Is the Berkshire Hathaway stock buyback bearish and other things to ponder…

Here’s what I’m reading and a little bit of Revolution Investing thinking about each topic today.

On the Berkshire Hathaway Buyback – David Merkel with a very contrarian, almost bearish take on the first Berkshire (BRK-A) buyback.  his usual incredibly insightful but pithy analysis, this time pointed at Buffett and the news that no bull can stop talking about. And yes, the fact that all my bullish friends feel relieved over that buy bugs me. Not that I’m making any moves because of that.  Anyway, back to David: “To me this indicates that Buffett does not have any large places to deploy cash superior to the cost of capital of Berkshire Hathaway, which is pretty low, aside from investments with an inadequate margin of safety.”

Early Look: New Signs of Optimism, Or Just Window Dressing? – Another bearish article. I’ve always thought if someone would create a proprietary bullish-vs.bearish blog/news article gauge, they’d have a very valuable tool much like the “Cody-Hate-O-Meter” gauge that goes off whenever the market is at an extreme and I’m being contrarian.  Anyway, Jordan’s looking to add to his short positions.

Don’t get carried away by upturn – And yet another bearish article. Hmm.

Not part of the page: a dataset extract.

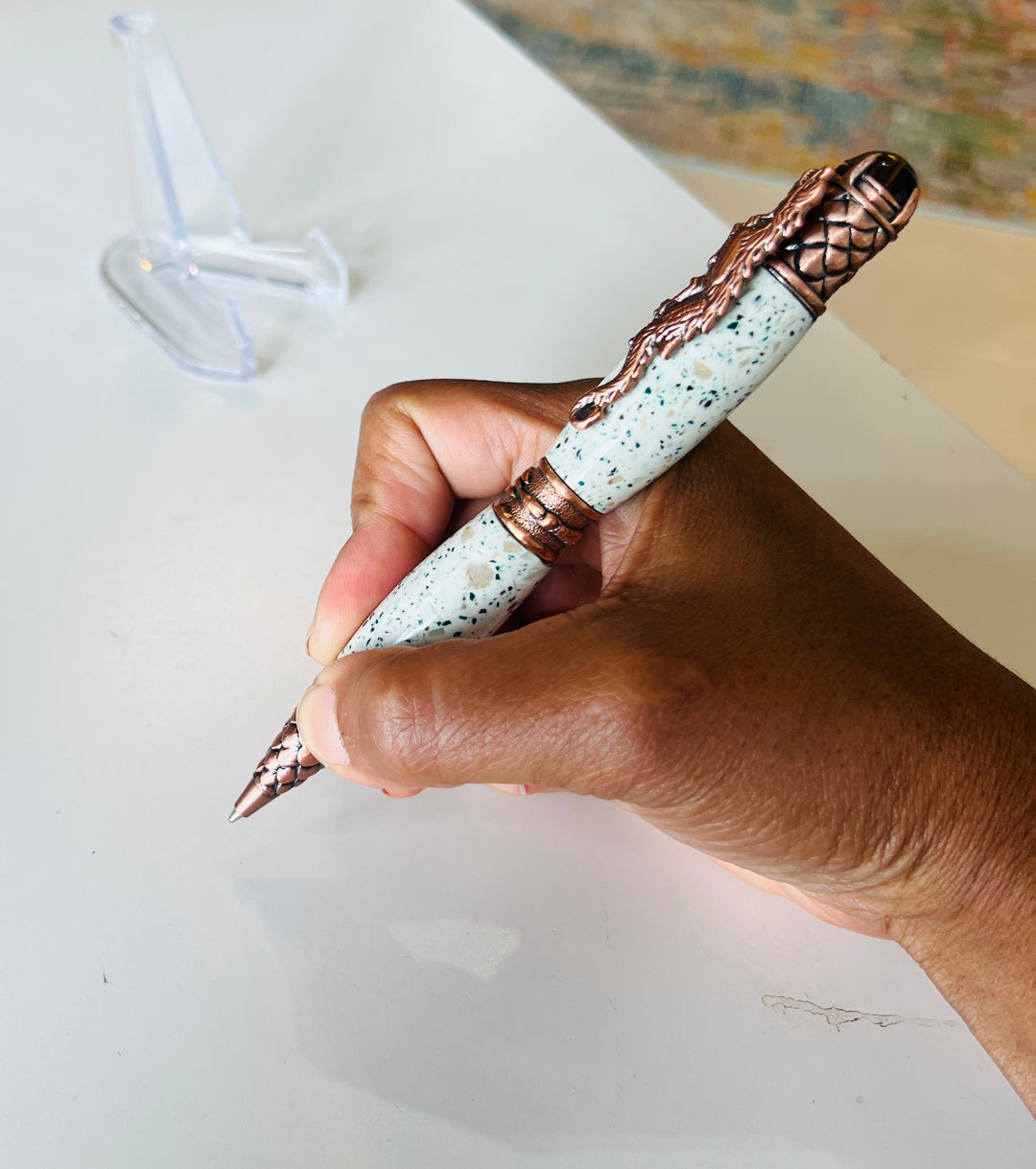 Pen Ballpoint Dragon Theme White Speckled Acrylic Antique Bronze Hardwar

Is the SEC Finally Taking Serious Aim at the Ratings Agencies? – I’ve been thinking that these ratings agencies are probably good short candidates for a year or two and they probably still are, whether the SEC finally gets serious about enforcing the law against these guys.  I wouldn’t hold my breath on anything serious developing from the ridiculously inept/corrupt SEC, but it would be gravy for the shorts. I think I’ll do some more homework on these ratings agencies like Moody’s (MCO) and S&P (MCH) this week.

Europe Tide Lifts Street Boat – Sigh. Europe’s like that scene in The Matrix where Neo is running through the lobby building in slow motion avoiding all those bullets. Somehow I don’t think Neo will avoid all the bullets in this version though.  Not that it matters, as I noted in this column yesterday: What if the “worst-case scenario” is actually the best-case scenario? I mean, Will Apple AAPL sell fewer iPads in 2013 if Poland, Slovenia, Greece and Spain all leave the Euro and go back to using their own currencies?